Oil futures: Crude steadies after Trump election win, dollar surge

6 Nov 2024

Quantum Commodity Intelligence – Crude oil futures clawed back most of its early losses Wednesday as the market digested news of a Donald Trump win in US Presidential elections, with several push and pull factors competing as traders looked for policy clues.

Front month Jan25 ICE Brent futures were trading at $75.42/b (1745 GMT), compared to Tuesday's settle of $75.53/b, but still up around 2% on the week. That came after having touched lows $73.35/b earlier in the session as a firming dollar weighed.

At the same time Dec24 NYMEX WTI was trading at $72.01/b versus Tuesday's settle of $71.99/b.

All eyes were on the US election as Donald Trump coasted to victory. Analysts said energy will not only be impacted by direct policy but also by broader economic direction, such as trade tariffs along with the geopolitical climate.

A Trump administration is viewed as more sympathetic to the fossil fuel industry, which could lift production and boost exports over time, while he has also pledged to facilitate peace deals in the Middle East and Russia-Ukraine conflicts.  

The US dollar also strengthened on the election result and oil markets wobbled after the Dollar Index topped 105 points for the first time since July, making dollar-denominated imports more expensive.

Markets also dipped in early trade after the latest inventory report from the American Petroleum Institute revealed a 3.13-million-barrel build in crude stockpiles, outpacing expectations for a build of under 2 million barrels. However, the crude build was in part offset by draws in refined products.

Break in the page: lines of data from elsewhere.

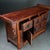 Brown 1990s Carved Hardwood Altar Table / Console Cabinet With "Five Blessings" Motifs For Sale - Image 8 of 8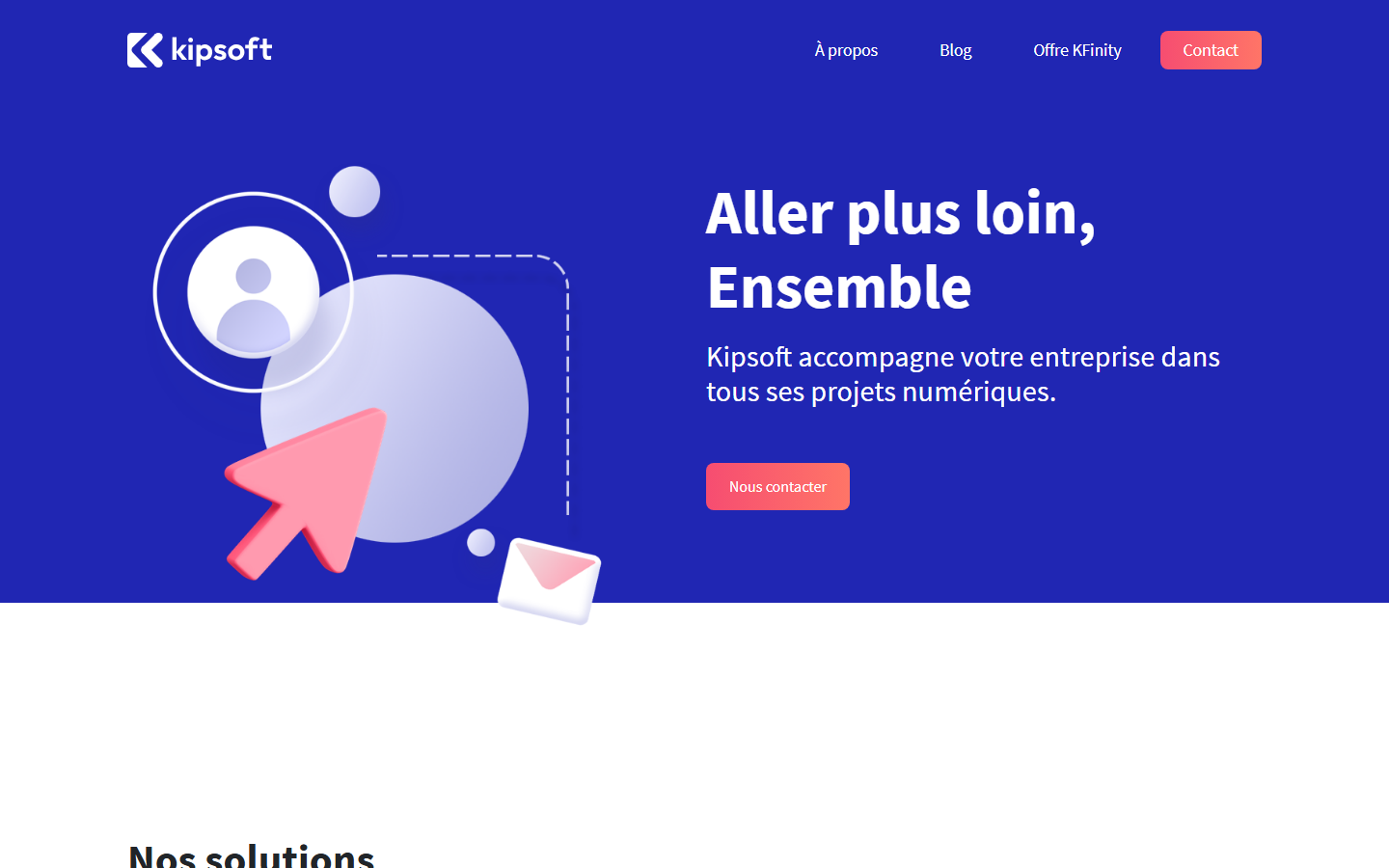 Aperçu du site de KIPSOFT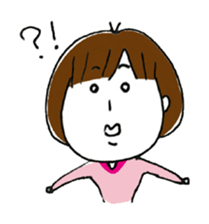 Everyday in Bob Hair sticker #14792421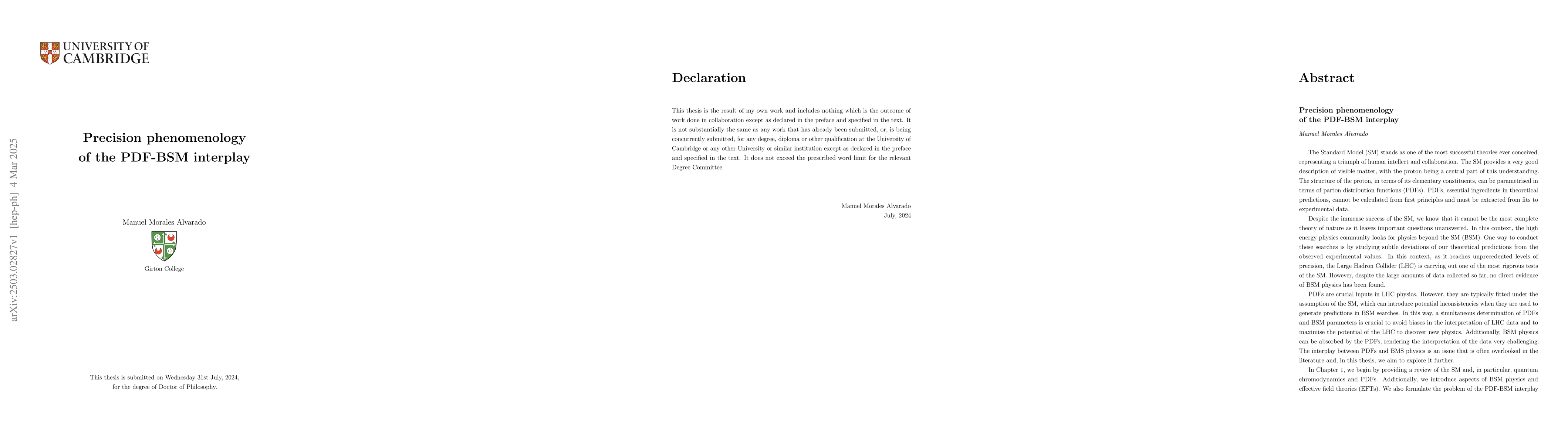 Thumbnail for Precision phenomenology of the PDF-BSM interplay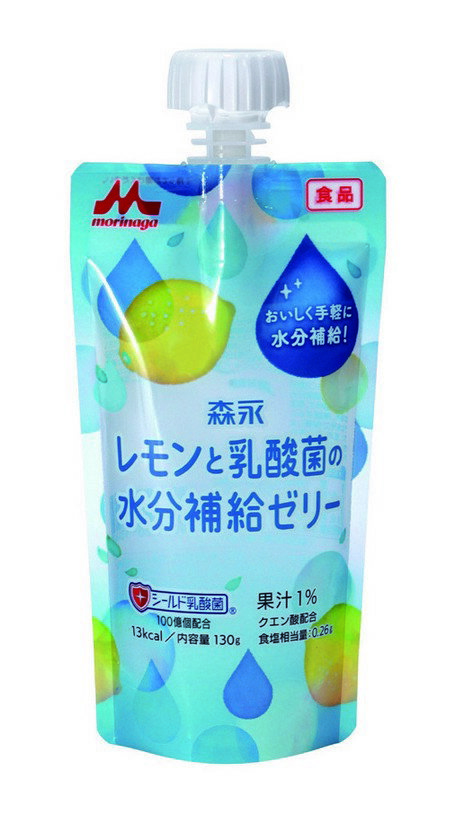【あす楽15時】【クリニコ】レモンと乳酸菌の水分補給ゼリー 個 130g - 163075のサムネイル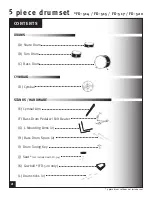 Preview for 2 page of First Act DRUM SET FD-514 User Manual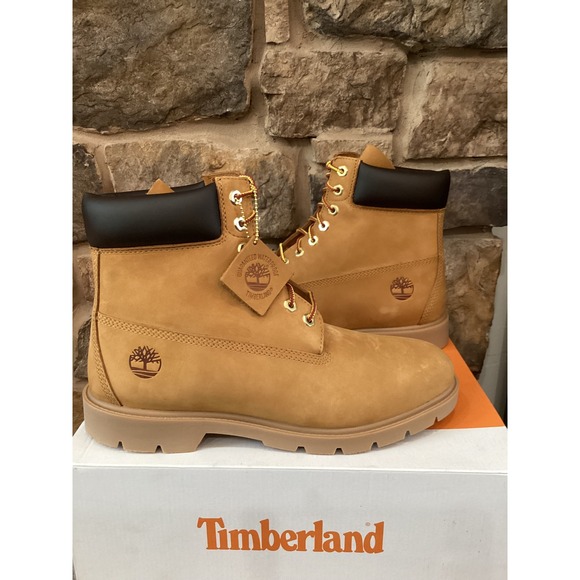 Timberland Other - Timberland Classic Mens Size 10.5 6" Waterproof Boots Wheat Nubuck New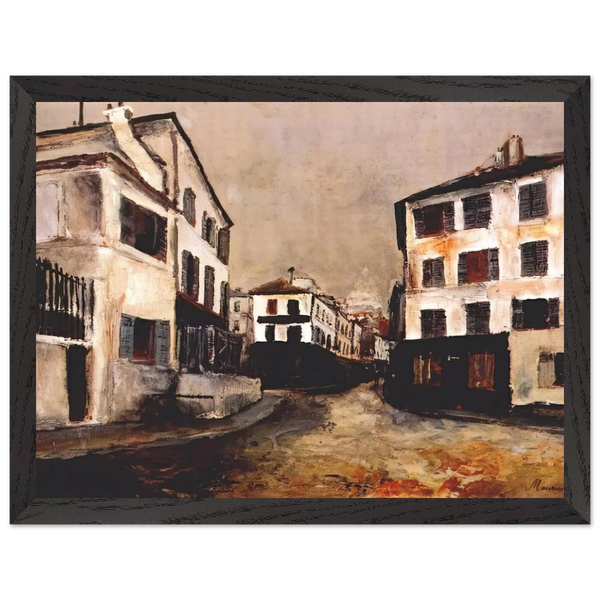 NORVINS STREET by Maurice Utrillo — Framed art print at Zephyeer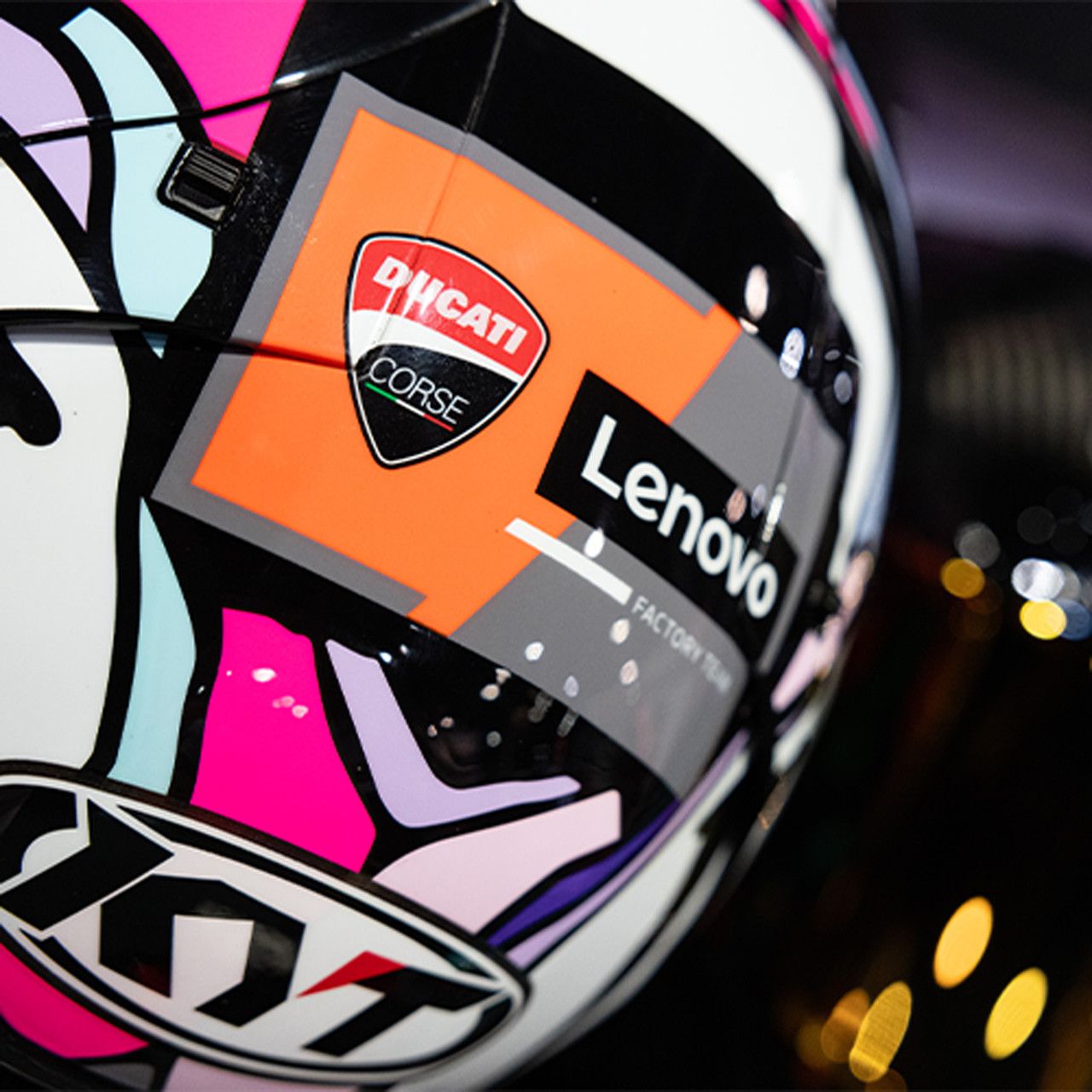 KYT KX-1 Race GP Bastianini Replica Helmet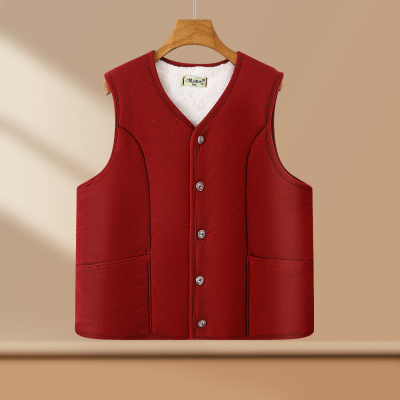 时尚年女装大码妈妈马甲冬装棉衣40岁中老年马夹棉服冬装外套加厚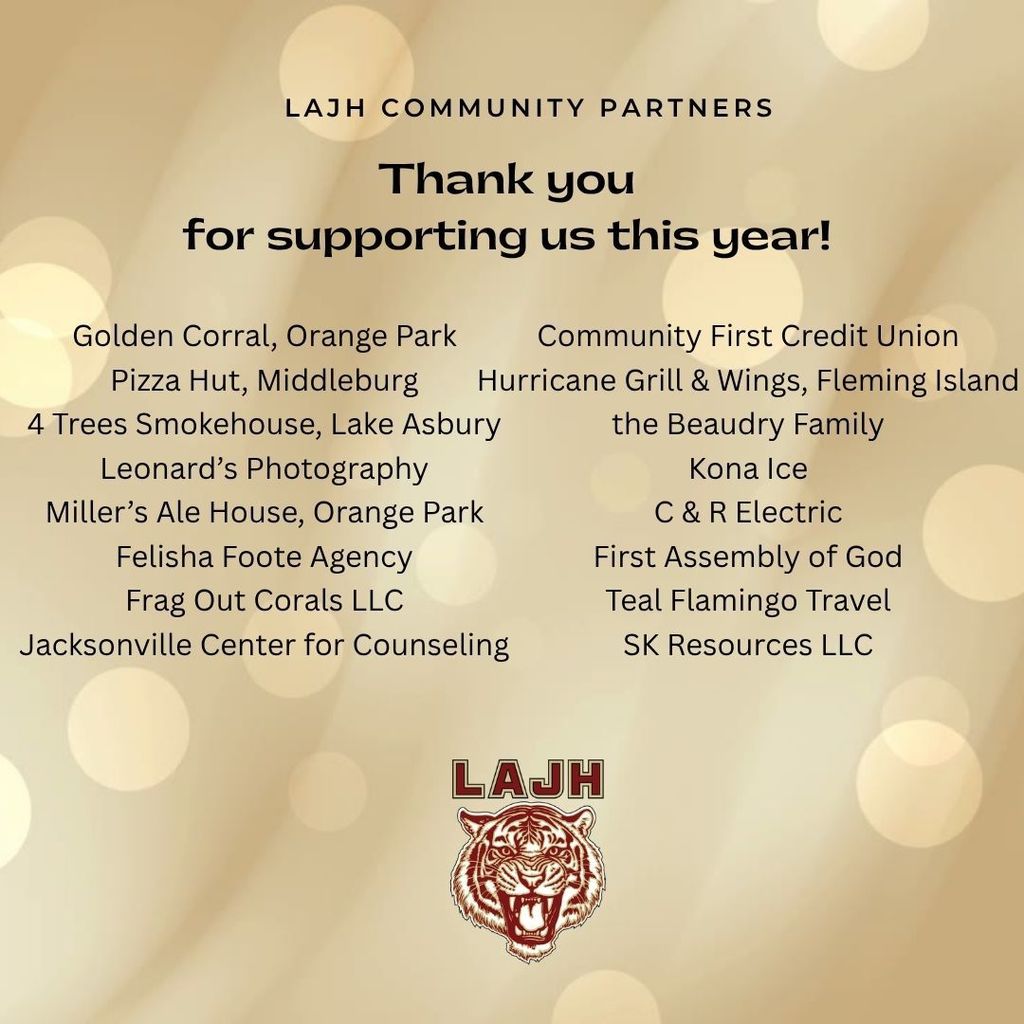 Thank you to our LAJ community partners!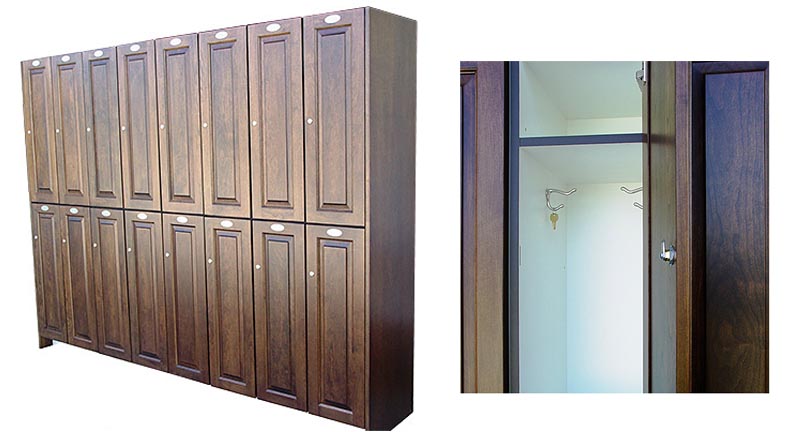 amish woodworking custom country club locker image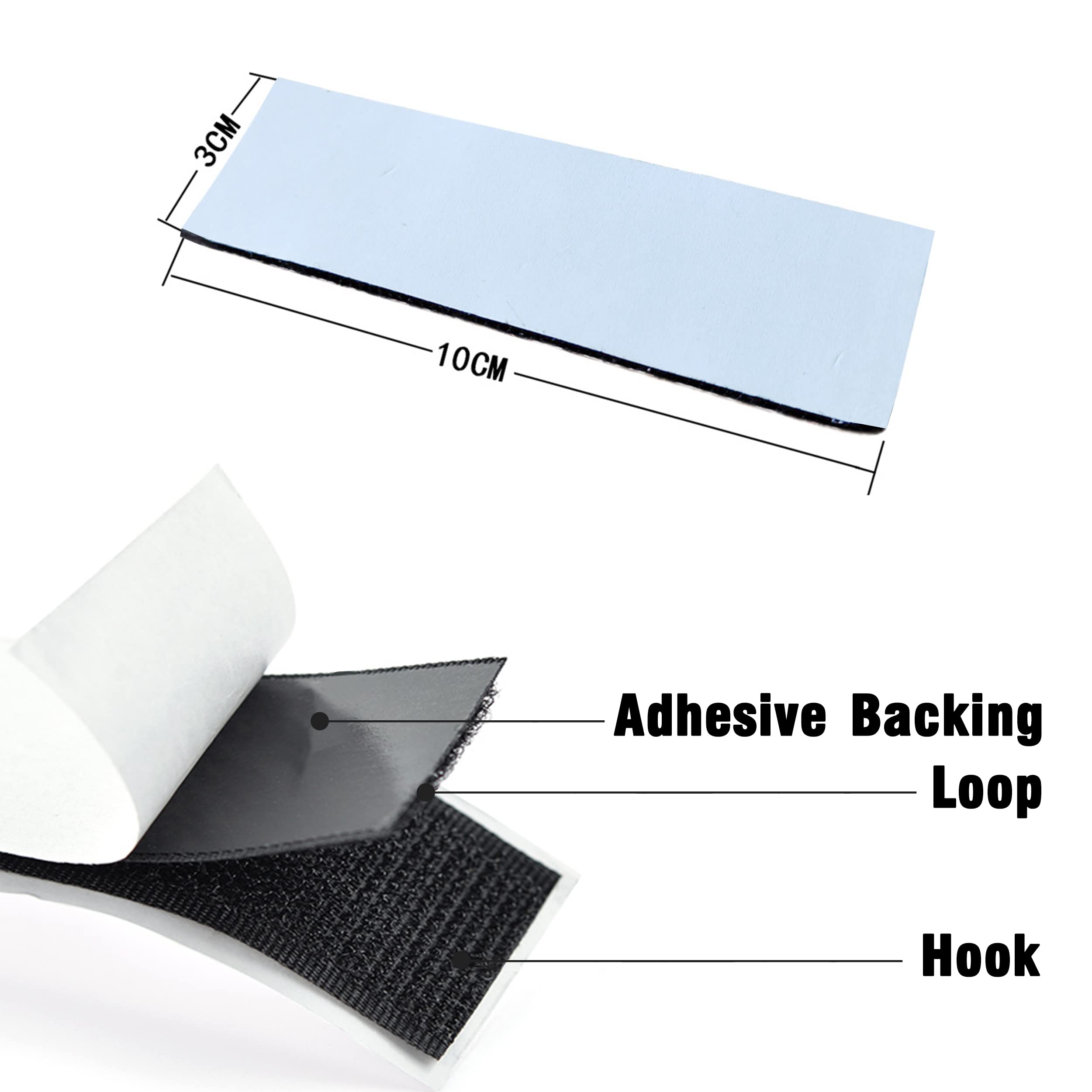 Removable & Reusable Double Sided Tape Squares - Strong Wall Mounting Adhesive for Office, Home, Carpet Mats & Picture Hangers | Perfect for Hanging Decorations, Securing Rugs & Organizing Workspace
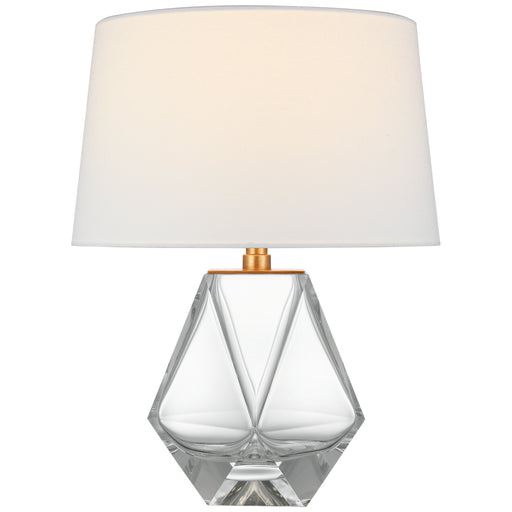 Gemma LED Table Lamp in Clear Glass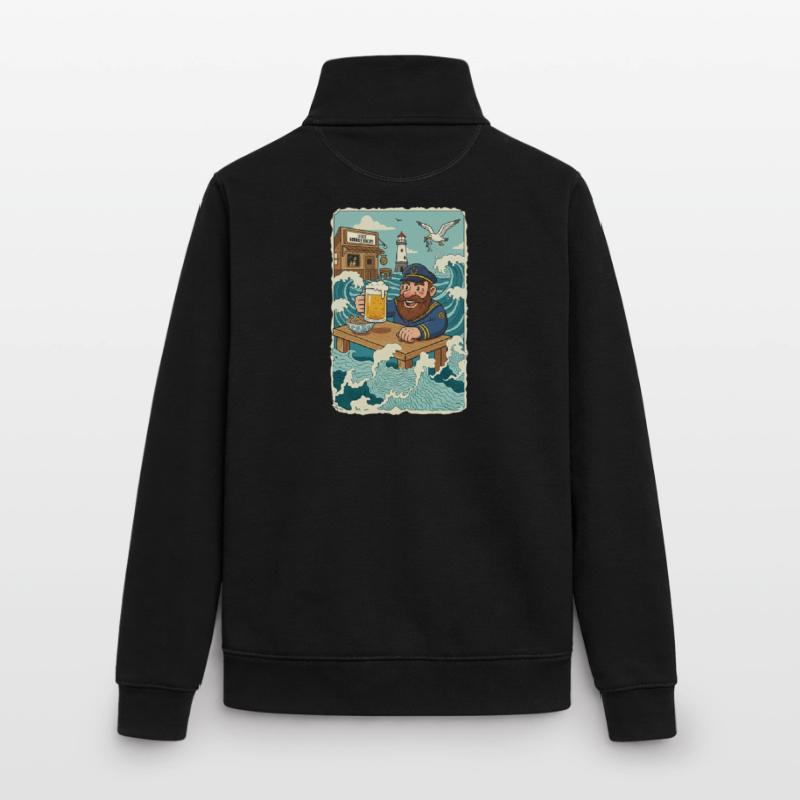 Dernier pub de la mer du Nord Sweat zippé unisexe en coton bio Stanley/Stella
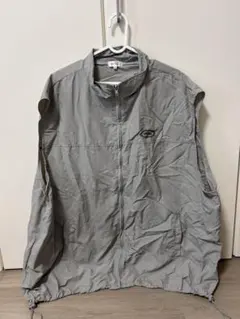 MSG グレー ナイロン ジップアップ ジャケット XL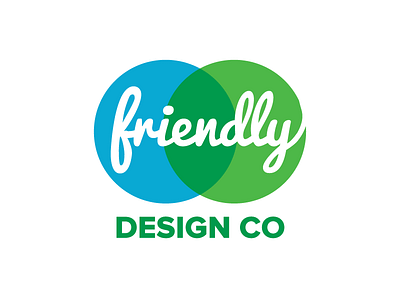 Friendly Design Co. Logo 4.3 circle friendly green logo script venn diagram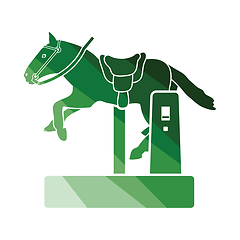 Image showing Horse machine icon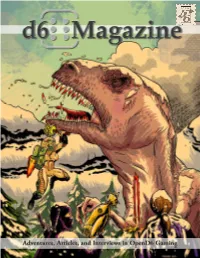 Issue 1 D6 Magazine Issue 1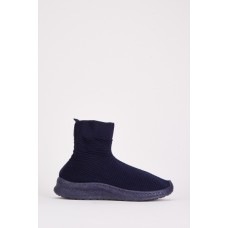 Knitted Pattern Sock Ankle Boots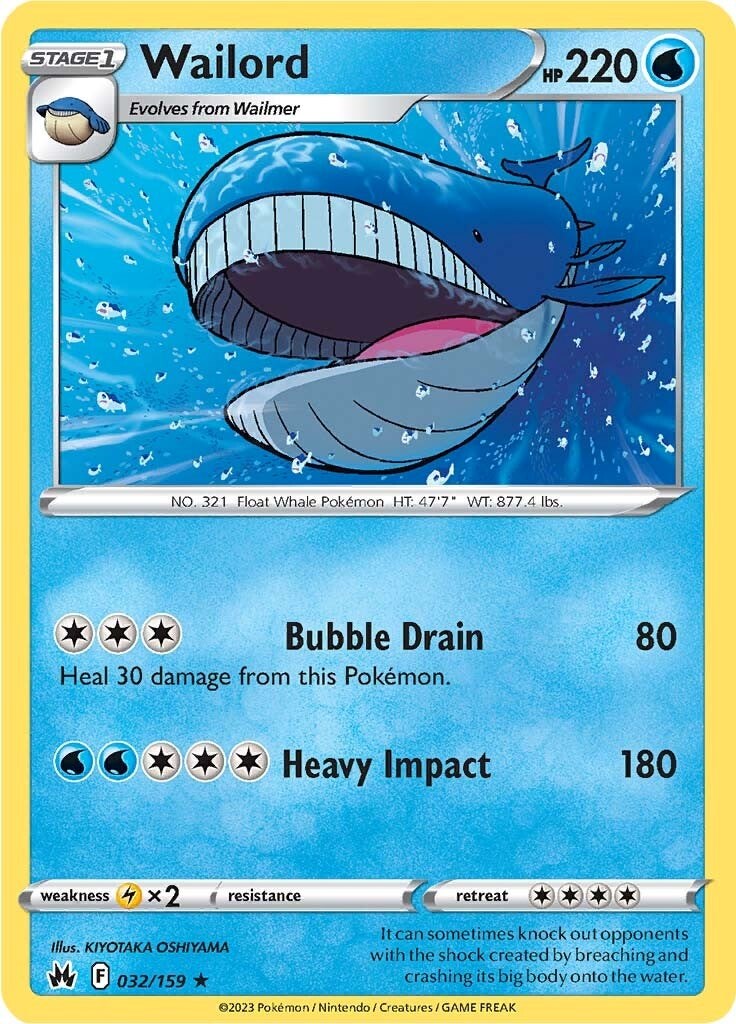 Wailord (032/159) [Sword & Shield: Crown Zenith] | Good Games Morley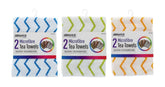 2PCS MICROFIBER TEA TOWELS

Later in the session, the EIA put the weekly build in commercial crude stocks at 2.1 million barrels to leave inventories at a three-month high.

OPEC

Prices had been buoyed this week by OPEC's decision to delay planned hikes, which was taken as a signal the group was willing to defend prices at the cost of market share, while tighter compliance and 'compensation cuts' are expected to curtail output further.

"An increase in supply in December would have risked triggering a decline in oil prices, even if the monthly production increase of 180,000 bpd had been small. The signal alone and the prospect of further production increases in the following months would probably have been enough to put oil prices under pressure," said Carsten Fritsch of Commerzbank.

Early production surveys showed that Iraq, the primary quota buster this year, had cut output in October but it remains above its target level once the additional compensation cuts are factored in.

Meanwhile, Saudi Aramco has cut Official Selling Prices (OSP) for crude loading in December, including a $0.50/b reduction in flagship Arab Light which was largely in line with expectations after premiums for spot Middle East barrels retreated last month.

Elsewhere, traders continued monitoring Hurricane Rafael in the Caribbean, which will likely disrupt offshore Gulf of Mexico production later this week.